What are the benefits of going with an Adjustable Rate Mortgage (ARM), 30-year Fixed Rate, or shorter term (15 year) mortgage?
It all depends on your financial goals. We’re currently in an inverted yield curve that basically means most ARM rates are higher than 30-year fixed rates so there’s very little incentive to do an ARM. The only time an ARM is ideal is if the rate is lower than a fixed rate and you know you’re going to sell or pay off in within a certain timeframe.

On the other hand, a shorter-term, 15-year mortgage can save people a lot of money over the life of the loan, but the monthly payments are going to be higher.

It depends on your budget. You need to ask yourself: Do you have the kind of income stability that can weather the larger payment? It’s important to take into account the possibility that the economy might not be as strong in five years.

A 30-year fixed is going to have the lowest payments and the most security in knowing it’s a fixed rate. Again, it really depends on the borrower’s goals.

How do you get a loan on vacant land?
Fidelity Mortgage only does residential home loans, but generally land loans require a larger down payment. They’re normally done through a bank, and they’re generally at a higher rate than most normal purchase loans.

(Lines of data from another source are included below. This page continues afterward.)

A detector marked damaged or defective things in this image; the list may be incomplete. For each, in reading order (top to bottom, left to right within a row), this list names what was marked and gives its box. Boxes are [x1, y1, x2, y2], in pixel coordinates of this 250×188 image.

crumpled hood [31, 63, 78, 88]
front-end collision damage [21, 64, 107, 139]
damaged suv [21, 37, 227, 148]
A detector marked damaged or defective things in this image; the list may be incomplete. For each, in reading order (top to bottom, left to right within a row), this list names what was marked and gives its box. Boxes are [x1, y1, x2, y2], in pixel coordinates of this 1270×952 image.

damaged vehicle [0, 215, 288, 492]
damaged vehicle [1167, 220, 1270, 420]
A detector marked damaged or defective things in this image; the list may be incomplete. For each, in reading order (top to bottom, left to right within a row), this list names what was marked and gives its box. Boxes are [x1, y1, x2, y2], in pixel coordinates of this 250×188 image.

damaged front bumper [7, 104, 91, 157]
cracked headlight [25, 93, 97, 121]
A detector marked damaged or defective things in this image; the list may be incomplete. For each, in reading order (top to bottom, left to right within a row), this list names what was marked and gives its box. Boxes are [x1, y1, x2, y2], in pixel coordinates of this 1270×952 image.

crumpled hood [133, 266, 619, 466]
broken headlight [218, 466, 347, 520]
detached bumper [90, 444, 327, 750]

Do Homeowners Association (HOA) dues affect my loan?
If you are buying a place with high HOA dues, you’re not going to be able to afford as much on the purchase price. If you’re buying an investment property, that’s a big part of the equation in terms of how much money you’re going to make. It’s definitely part of the lender’s calculations. All condominiums, most townhomes and some houses in subdivisions have HOA dues so it’s an important variable to consider.

How does the interest rate affect my purchasing power?
It’s pretty simple: the lower the rate, the more you can afford.

When should I get pre-qualified for a mortgage?
As early as possible. Ideally you want to get prequalified before you start looking so you’re not finding a house you love that you can’t afford. Sellers want to see that buyers are serious and well-qualified. You don’t want to get caught in a situation where you find a place you love, but you haven’t put the financials in place yet. We can move quickly but the pre-qualifying process can take time.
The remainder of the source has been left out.